### Aim of the exercise:
All lines between the one holding "ZVEproof Desktop Cell" and the end of the material below, both ends included, should be restated exactly.

======== Data provided

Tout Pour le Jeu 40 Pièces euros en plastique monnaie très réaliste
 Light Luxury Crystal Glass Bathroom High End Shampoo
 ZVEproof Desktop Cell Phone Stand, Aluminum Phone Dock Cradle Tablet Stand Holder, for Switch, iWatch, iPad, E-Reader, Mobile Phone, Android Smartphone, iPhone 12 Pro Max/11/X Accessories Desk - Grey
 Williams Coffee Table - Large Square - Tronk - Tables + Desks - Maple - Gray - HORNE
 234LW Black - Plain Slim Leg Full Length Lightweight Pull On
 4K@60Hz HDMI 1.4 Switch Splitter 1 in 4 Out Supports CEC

================

### Result of this task:
 ZVEproof Desktop Cell Phone Stand, Aluminum Phone Dock Cradle Tablet Stand Holder, for Switch, iWatch, iPad, E-Reader, Mobile Phone, Android Smartphone, iPhone 12 Pro Max/11/X Accessories Desk - Grey
 Williams Coffee Table - Large Square - Tronk - Tables + Desks - Maple - Gray - HORNE
 234LW Black - Plain Slim Leg Full Length Lightweight Pull On
 4K@60Hz HDMI 1.4 Switch Splitter 1 in 4 Out Supports CEC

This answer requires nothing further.